Noch bleibt uns ein ganzer Vormittag in Delphi, und endlich zeigt sich der Fernhintreffer gewogen. Er gönnt uns ungestörte Rückkehr in sein heiliges Gebiet und lässt uns an den Resten des thessalischen Weihgeschenks und dem Unterbau der grossen »Alexanderjagd« vorüber die wohlerhaltenen Stufen seines hoch am Felsenhang hinaufgebauten Theaters ersteigen, wo die musischen Wettkämpfe stattfanden. Ganz nahe lag einst der heilige Lorbeerhain, aus dessen Zweigen man die pythischen Siegeskränze flocht. Nur niedere Thujen und wilde Feigenbäume sprossen jetzt zwischen dem Trümmersturz, und am Boden glänzen zarte lilafarbene Sterne. Dem Neoptolemos, Sohn des Achilleus, der hier von den Bewohnern Delphis erschlagen wurde, bringen wir am Grabe unsere Huldigung dar, nicht um seinetwillen, sondern dem grossen Peliden zu Ehren. Um von Apollon Sühne für das vergossene Blut seines Vaters zu fordern, war der Verwegene nach Delphi gekommen, und hier in der Vorhalle des Tempels traf ihn das Gericht des unbarmherzigen Gottes. – Danach aber versteigen wir uns hoffnungslos auf den wilden Felsenmassen im vergeblichen Suchen nach der Lesche der Knidier, die die berühmten Gemälde des Polygnot enthielt, an deren Nachglanz auf den Spuren des 171 Pausanias Goethe sich nicht sättigen konnte. Nach einer halsbrecherischen Rutschpartie erreichen wir sie endlich doch, um uns zu überzeugen, dass so gut wie nichts von ihr übrig ist. Und jetzt, gleichfalls auf Gemsenpfaden, zum Schauplatz der pythischen Spiele, dem Stadion, das noch höher oben am Berge liegt und zu dem uns ein Engländer den schwer zu findenden Weg weist. Die Bahn, die mit der rechten Langseite am Felshang lehnt und sich mit der linken auf eine gemauerte Terrasse stützt, ist in ihrer ganzen Länge erhalten mit der Ablaufstelle zwischen den vier stämmigen Pfeilern und mit sämtlichen Sitzreihen, unter denen sich ein schön gearbeiteter marmorner Ehrensessel, ähnlich dem des Dionysospriesters in Athen, erhebt.
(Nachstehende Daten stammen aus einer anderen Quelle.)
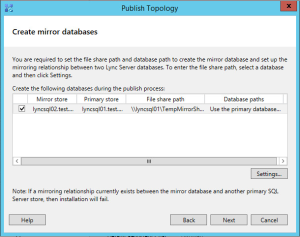 Lync 2013 FE Topology - 24 Create Mirror Databases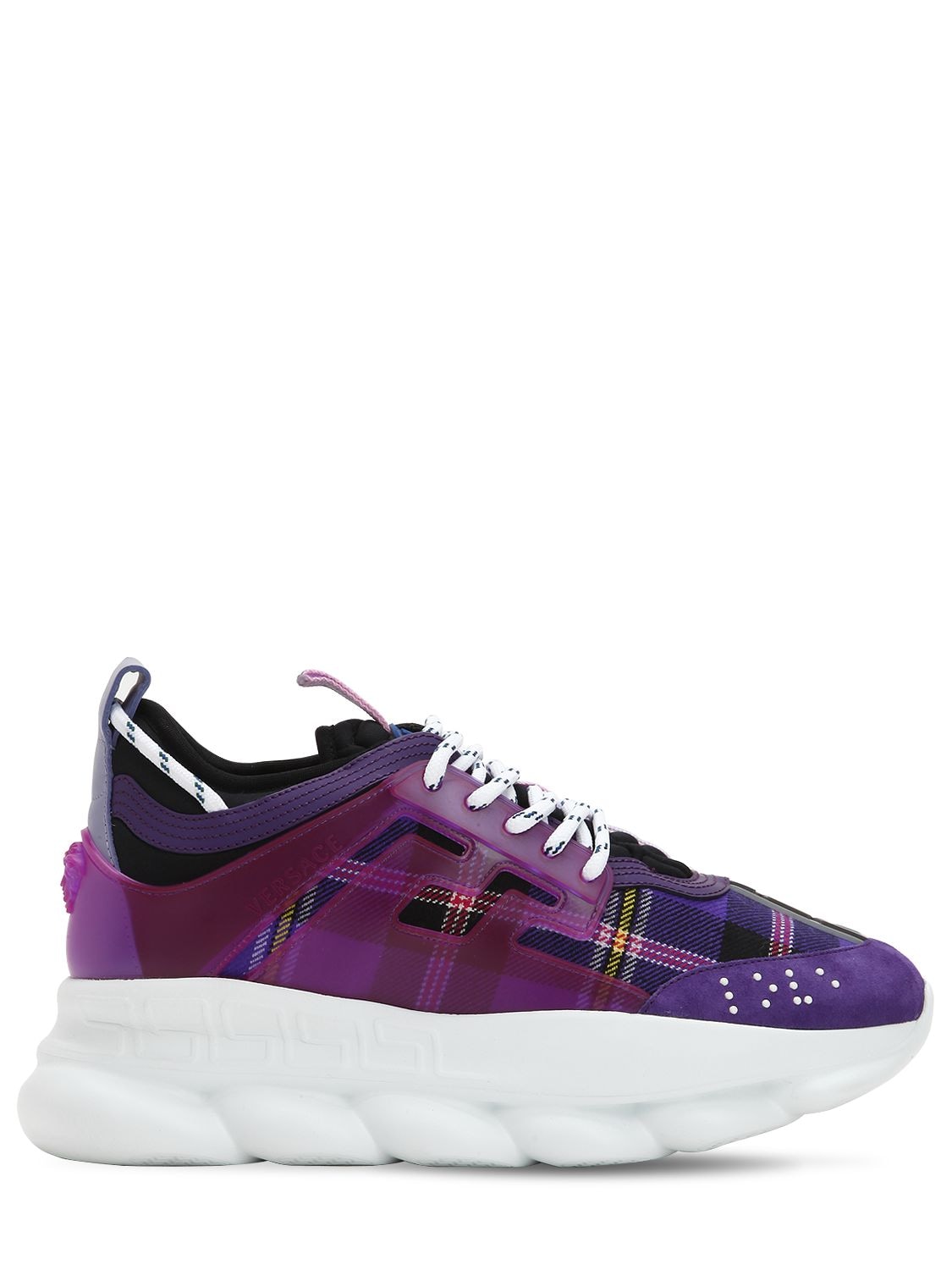 VERSACE CHAIN REACTION WOOL PLAID SNEAKERS,68IM7E005-RE1DVKW1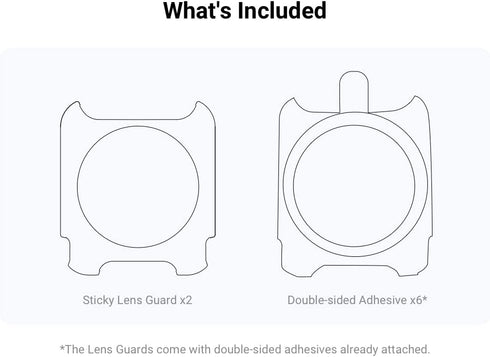 Sticky Lens Guards for Insta360 ONE RS/R Dual-Lens 360 Mod Protector for Action Camera Accessory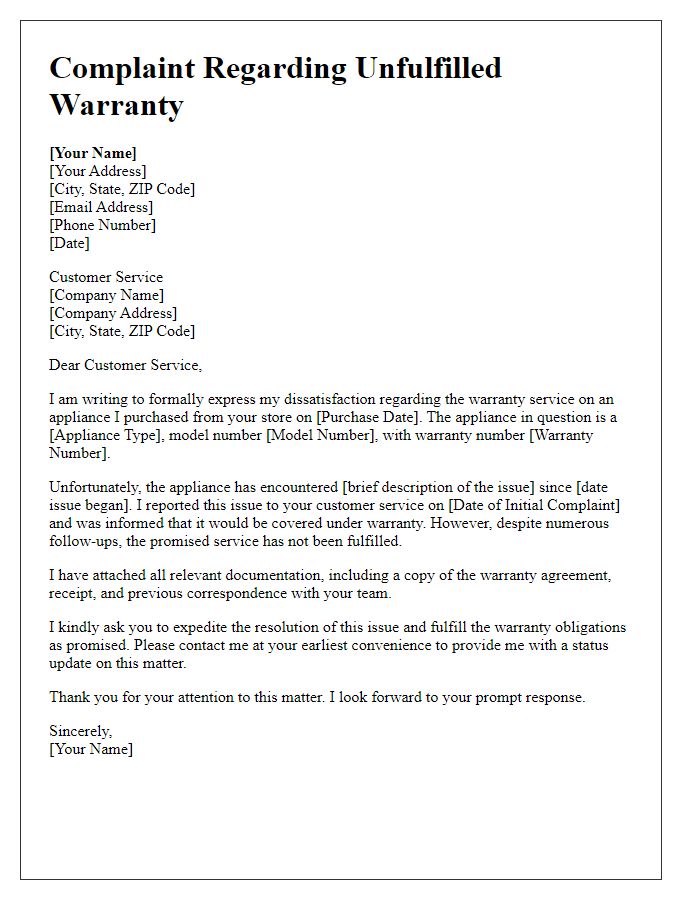 Letter template of appliance purchase complaint about unfulfilled warranty.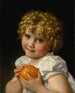 Little girl with orange - Léon Jean - Basile Perrault — artwork view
Und am Ende der rechten Langseite, wo sie in das Halbrund übergeht, rieselt noch in gemeisselter Brunnengrotte die kalte Quelle und erquickt uns, wie sie vordem die Zuschauer erquickte, denen eine Inschrift am Stadion das Mitbringen von Wein verbot. In diesem Trunk berühren sich die Jahrtausende.

Aber ach, das Rossegestampf und Räderrollen auf der Landstrasse rührt von keiner Festgesandtschaft an das delphische Orakel her, sondern von unseren Mietwagen, die gekommen sind, die Gäste des Apollon Pythios nach Itea zurückzuführen.
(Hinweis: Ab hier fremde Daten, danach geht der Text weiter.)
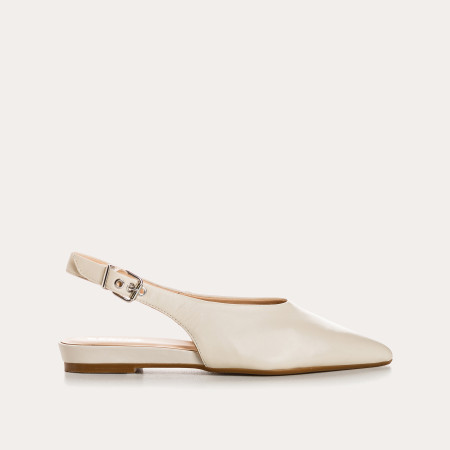 Ballerines slingback plates en cuir lisse avec bride cheville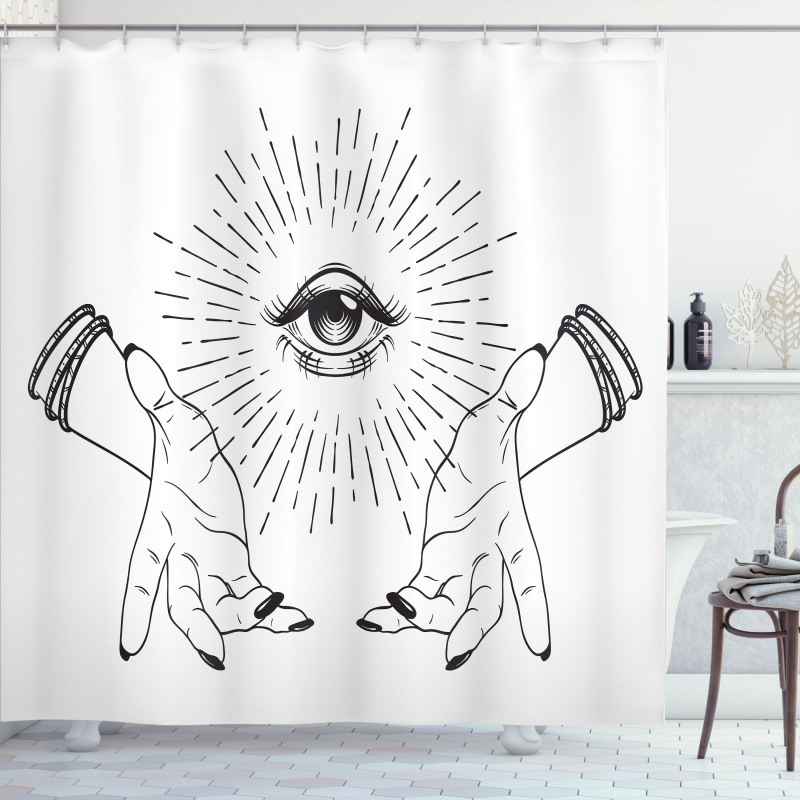 Mystical Themed Sketch Eye Shower Curtain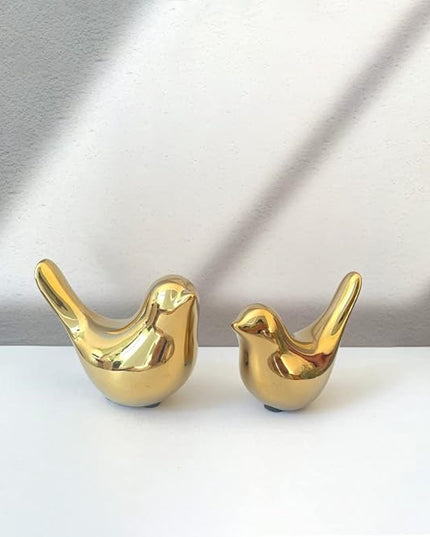 Gold Bedroom Decor Aesthetic, Shelf Decor Birds for Living Room Decor, Small Animal Figurines Decorations for Living Room Home Office Bookshelf TableTop - LeafyLoom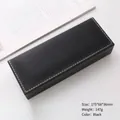 Schwarzes PU-Leder-Geschenketui für Füllfederhalter mit weißen Nähten, 175x68x36mm - Schwarz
Blick von Delphi nach Itea

Jetzt bringt uns leider ein Schelmenstreich des Gastwirts, der unseren vorausbestellten Wagen mit anderen Fremden weggeschickt hat und mich glauben machen will, er liege zerschmettert in der Schlucht, um die letzte Stunde in Delphi. Durch diese Unredlichkeit, die einzige, die wir auf griechischem Boden 172 erlebten, sind wir gezwungen, die Gastfreundschaft eines jungen Ehepaars aus Argentinien anzunehmen, das uns zwei Plätze in seinem Wagen einräumt, aber aus Reisefieber eine Stunde zu früh aufbricht – freilich weiss man von den griechischen Dampfern nie so recht genau, wann sie eintreffen. An der Lände von Itea, wo sich mit der Zeit auch die anderen Gäste des Apollon Pythios zusammenfinden, warten wir denn glücklich von 3 bis 4¼ Uhr auf den Pylaros, der uns nach Patras bringen soll.